Review the strategy “Evaluating internet resources” for ideas on how to help students assess the validity of their sources.
Start a NIOS Group
Once students have researched what is happening in their own school, they might decide to start a NIOS group – an organized group of students who take a stand against hate and intolerance in their schools. The Not in Our School website provides simple instructions to help students start a NIOS group. Students can also document what is happening at their school and post this information on the Not in Our Town Facebook page.
Defining a “culture of acceptance” - In the video, “What Do You Say to “That’s So Gay,” students take steps to create a “culture of acceptance” in their school.
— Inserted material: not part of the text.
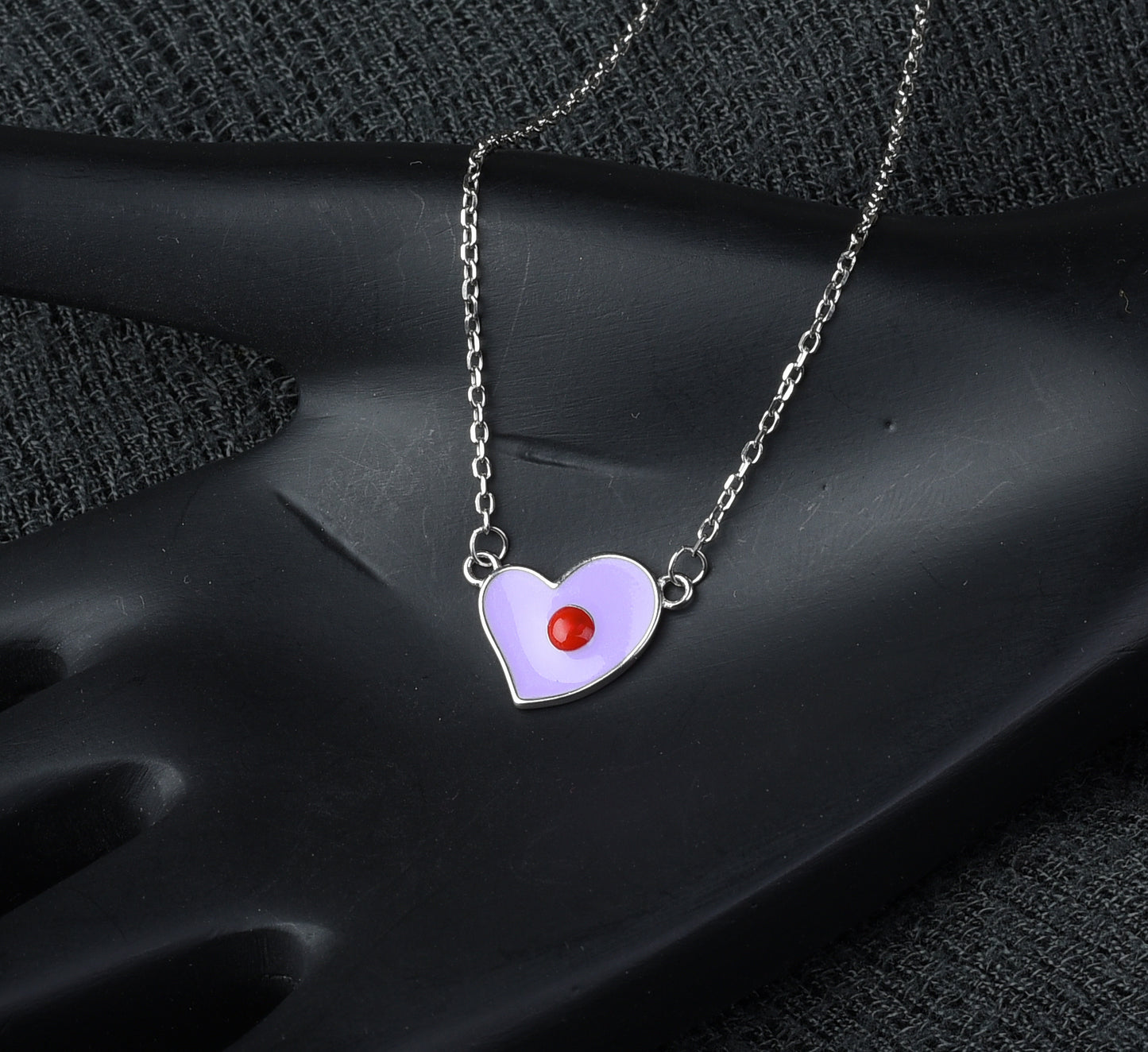 Lilac Heartbeat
To help students think about what these phrase means, you can have small groups create an identity chart for a “culture of acceptance.” Students can discuss questions such as, “How do you know when a community has a “culture of acceptance?” What would you expect to find in such a community?” Students can share their identity charts and use this information to create a working definition for “culture of acceptance.” A final assignment might ask students to describe a community they know about, from history or their own experience, that has a culture of acceptance or you might have students reflect on the degree to which their own school community embodies a “culture of acceptance.” Students can also brainstorm ways that individuals can help create a “culture of acceptance” in their own communities.
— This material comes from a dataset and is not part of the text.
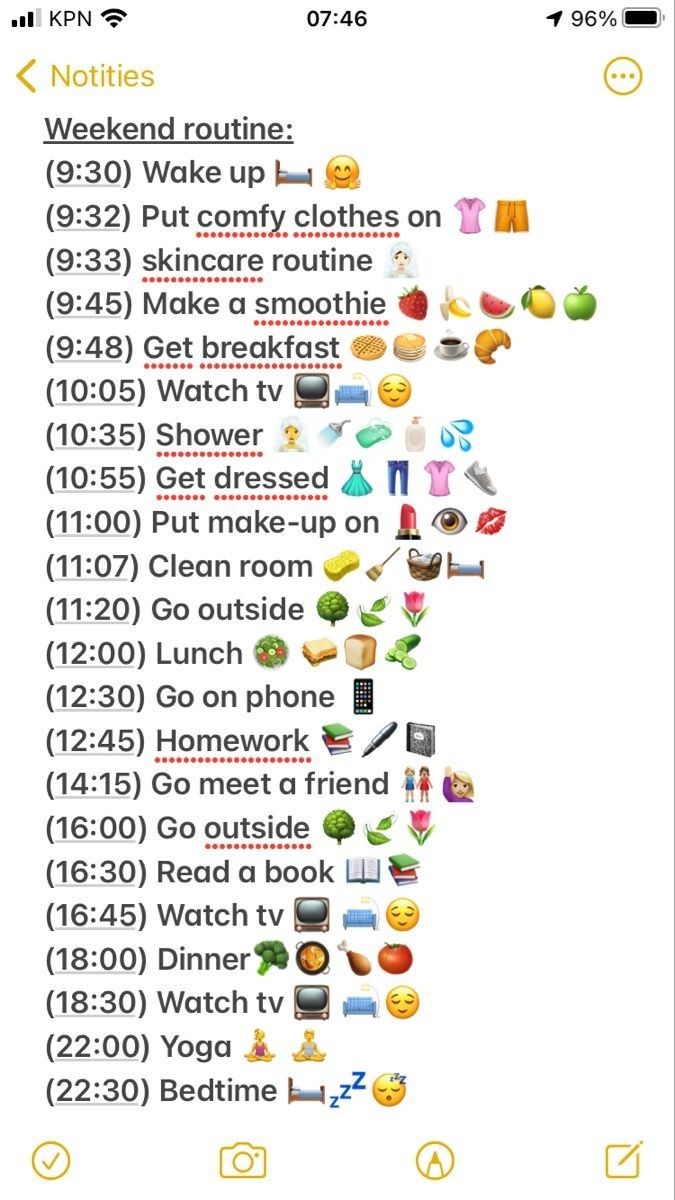 Weekend To Do List Productive, Weekend Day Routine, Days Routine, School Night Routine, Weekend Routine, Routine School, School Routine For Teens, Daily Routine Schedule, Morning Routine School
Protest Art/Post Your Art - The film “Art Students Picture a World without Intolerance” shows how students at Palo Alto High School use visual art as a way to protest against intolerance in their school. Watching this video may inspire your students to create “protest art” of their own.
Before beginning this activity, have students define the term “protest art” and think about examples of music, film, theater and visual art that fit this definition.
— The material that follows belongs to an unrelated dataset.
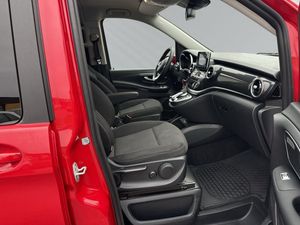 Mercedes V220 bild 9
Drawing attention to hate and intolerance: In addition to using art, students can use other forms of media, such as reporting, blogging or videos, to draw attention to hate and intolerance in their schools and communities. Facing History’s online module Making Media, Making Sense, Making a Difference provides resources to help students explore different ways reporters – both professional and “citizen journalists” - use media to get people to care about important issues. For example, Investigation One: Why Don’t People Act? Confronting Psychic Numbing uses social science research to help explain why many people are more likely act on behalf of one victim as opposed to many victims. This informs reporter Nicholas Kristof’s decision to focus his columns on one subject he thinks will especially capture his audience’s attention.